August 8, 2018 by Jonathan J. Cooper, The Associated Press
REDDING, Calif.—Not all firefighters carry a hose or shovel.
The adrenaline junkies who steer heavy bulldozers across steep ridges face serious hazards, from smoke and flames but also from unsteady dirt and steep terrain that can flip them over. The deaths of two bulldozer operators battling California wildfires in July highlighted the dangers confronting these less visible firefighters.
Braden Varney, 36, was clearing a fire line near Yosemite National Park on July 14 when his vehicle overturned and rolled down a ridge. Don Ray Smith, 81, was overtaken by wildfire near Redding last week.
Drivers of so-called dozers say they are acutely aware of the dangers and regularly find themselves in sticky situations. They do it for the thrill, the challenge, the good money and the opportunity to make a difference saving people’s lives and homes.
“To me, it’s the closest thing to war without getting shot at,” said Dustin Westfall, a dozer operator working for a private contractor on the fire near Redding that’s killed six people. “It’s pandemonium … it’s wild out there. You’re getting to see 200- to 300-foot flame lengths. It’s a whole different world. It’s a rush.”
The integral piece of construction equipment is also a key part of the battle against large blazes but are rarely seen in dramatic images of flaming trees and raining ash.
They use roughly 10-foot (3-metre) blades to push aside shrubs, brush, grass and even trees so the advancing flames meet bare dirt and have nothing to consume. Ideally, the lack of fuel will stop the fire’s progress. At the very least, it generally will slow down the flames.
Dozers usually work in small groups, but sometimes alone, in extremely steep terrain. Soft soils or hard granite can cause them to slide. It’s hard to see because of smoke and the dirt they kick up. Fire moves faster than heavy machines, so shifting winds can send flames toward bulldozers.
Because dozers can get into places no other equipment can reach, the drivers sometimes find themselves far away from backup, relying on radio traffic and aircraft to tell them what the fire is doing.
Some work close to flames. Others build “contingency lines” farther back to act as a backstop if the first line is breached.
“They’re a special breed of guys,” said Cliff Allen, president of the union representing California Department of Forestry and Fire Protection personnel, including dozer operators. “The job that they do, it takes a special person, because they’re going up and down really steep terrain.”
Dozer operators looking to work directly for Cal Fire, the state’s firefighting agency, must have 500 hours of experience just to be considered. Privately hired operators have various experience levels, but all must complete an annual course in fire line safety.
Authorities have released little information about how Varney and Smith died.

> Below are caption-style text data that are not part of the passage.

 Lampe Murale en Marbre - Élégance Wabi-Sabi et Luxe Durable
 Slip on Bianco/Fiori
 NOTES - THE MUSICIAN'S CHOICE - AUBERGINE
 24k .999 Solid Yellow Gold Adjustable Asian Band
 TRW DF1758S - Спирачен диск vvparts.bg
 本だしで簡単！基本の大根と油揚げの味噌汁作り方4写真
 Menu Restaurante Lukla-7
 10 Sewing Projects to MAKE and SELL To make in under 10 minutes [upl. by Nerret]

Their deaths come two years after a dozer trying to maneuver around a fire engine overturned near Big Sur and the operator was ejected. Another dozer operator was killed in the same region in 2007 when his rig rolled, causing him to hit his head on the wall of the cab, according to Cal Fire investigative reports.

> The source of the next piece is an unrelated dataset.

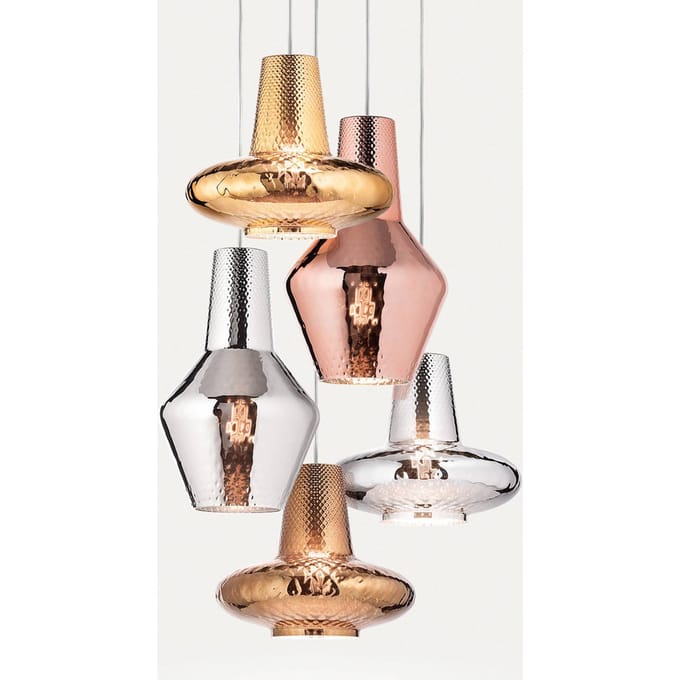 AILATI Hanglamp Giulietta 130 cm brons metallic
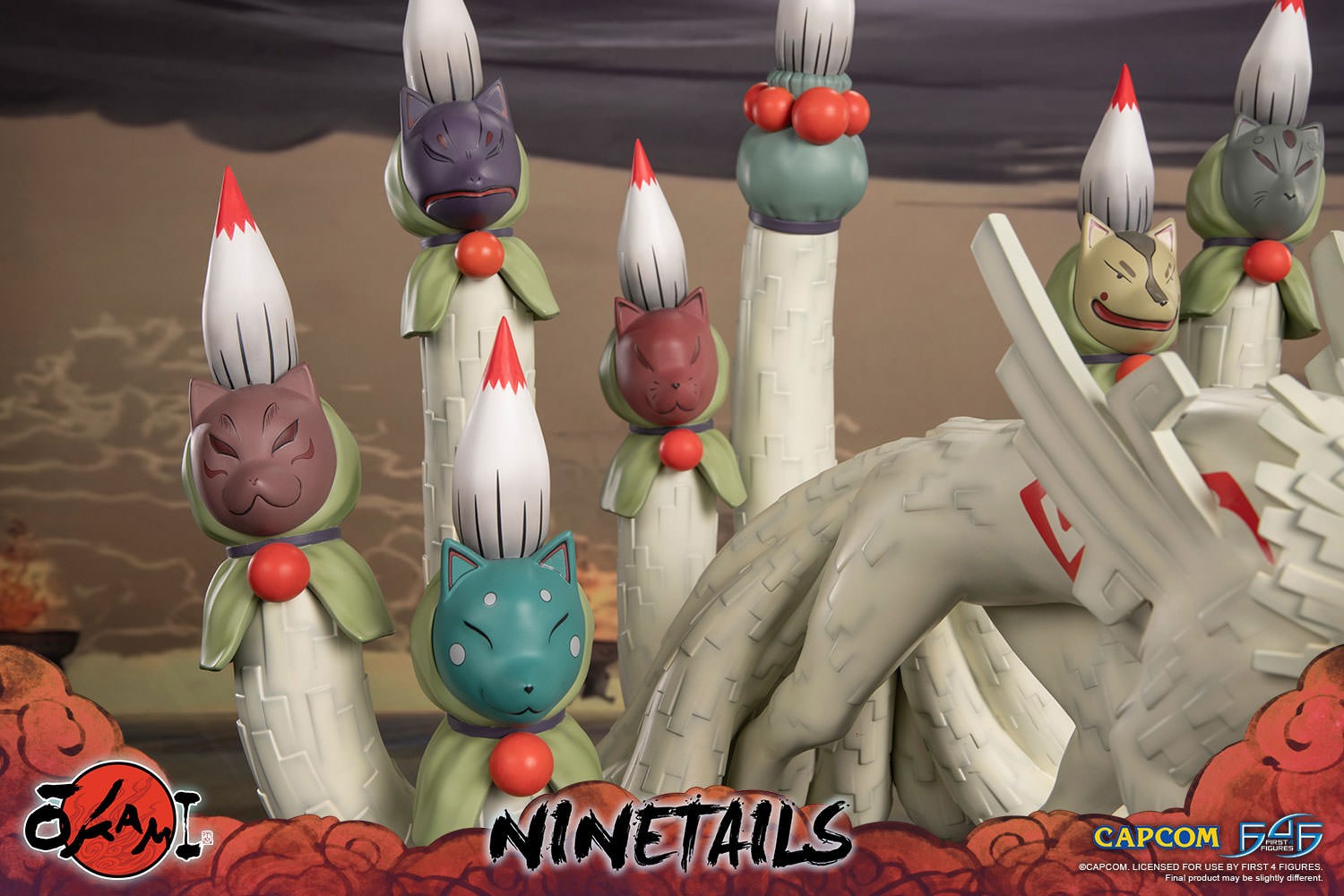 Okami Ninetails Statues  (Prototype Shown) View 16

The deaths have weighed heavily on dozer drivers busy with an active fire season across the Western United States—a reminder of the perils that await them on the fire line.

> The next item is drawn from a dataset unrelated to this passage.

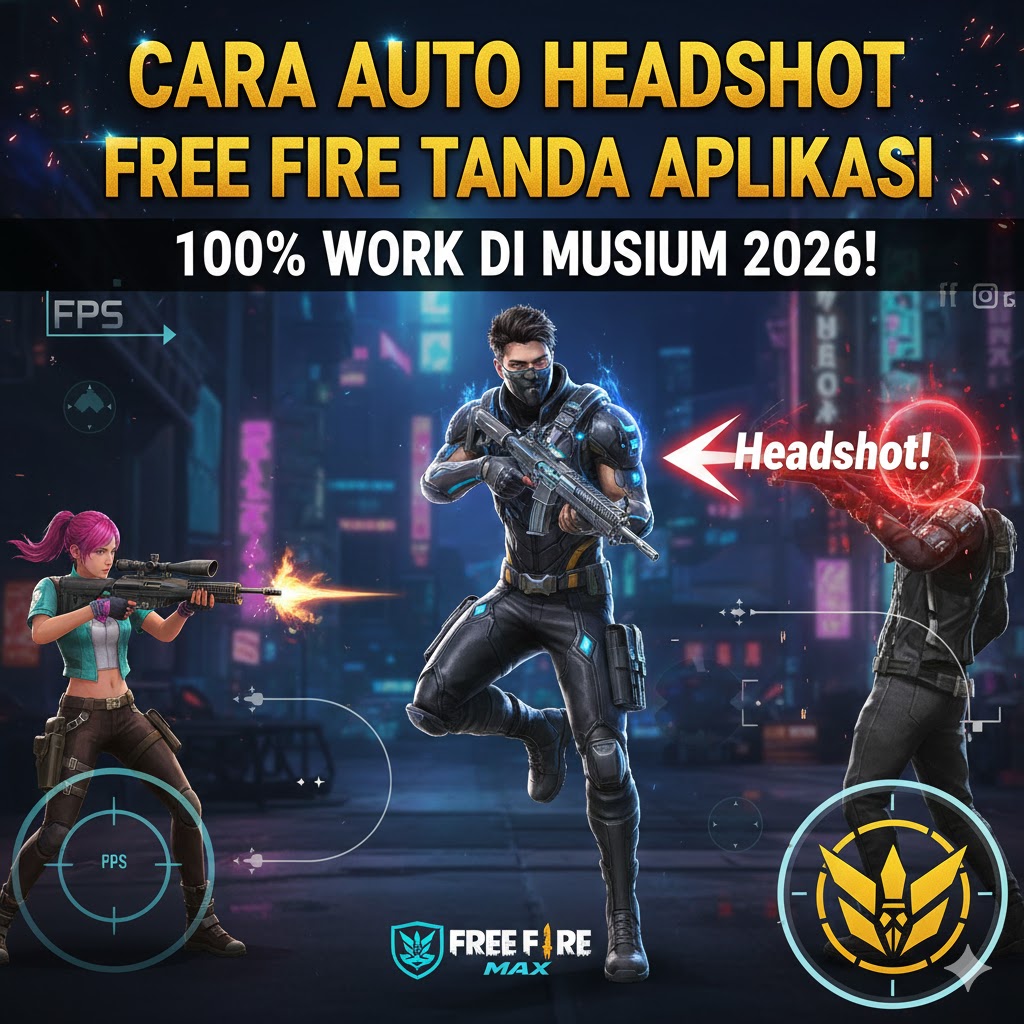 Cara Auto Headshot Free Fire Tanpa Aplikasi, 100% Work di Musim 2026!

Dean Mullis, a childhood friend of Varney’s and a fellow heavy equipment operator for Cal Fire, said Varney was devoted to his family and unfailingly generous.
“Braden would go to a fire, get covered in dirt, come home and play crocodile with his kids on his living room carpet,” Mullis said. “He was a man’s man, and he was a father first and foremost.”
He came from a bulldozing family—his father was a dozer driver for Cal Fire, and the two started a grading and excavating business.
Smith, a bulldozer operator working for a private company on contract for the state, “always had some good laughs and good stories” and liked to sit outside his trailer drinking beer with friends, said Vaughn Hohing, who used to fight fires as a bulldozer operator and said he worked often with Smith.
When he wasn’t fighting fires, Smith lived and worked on a horse ranch in Pollock Pines, east of Sacramento, repairing things, plowing snow and performing other maintenance. Smith had lots of experience working outdoors with heavy equipment.
At 81, Smith was one of the older guys working on fires, but dozer operators said it’s common for people to work into their 60s and 70s. Fighting fire is a specialized skill, and while the pay is good, it’s an expensive business to get into.
“If you’re in a bad mood, go see Don,” Hohing said. “You always felt better when you left.”
—Associated Press reporter Sophia Bollag contributed from Sacramento.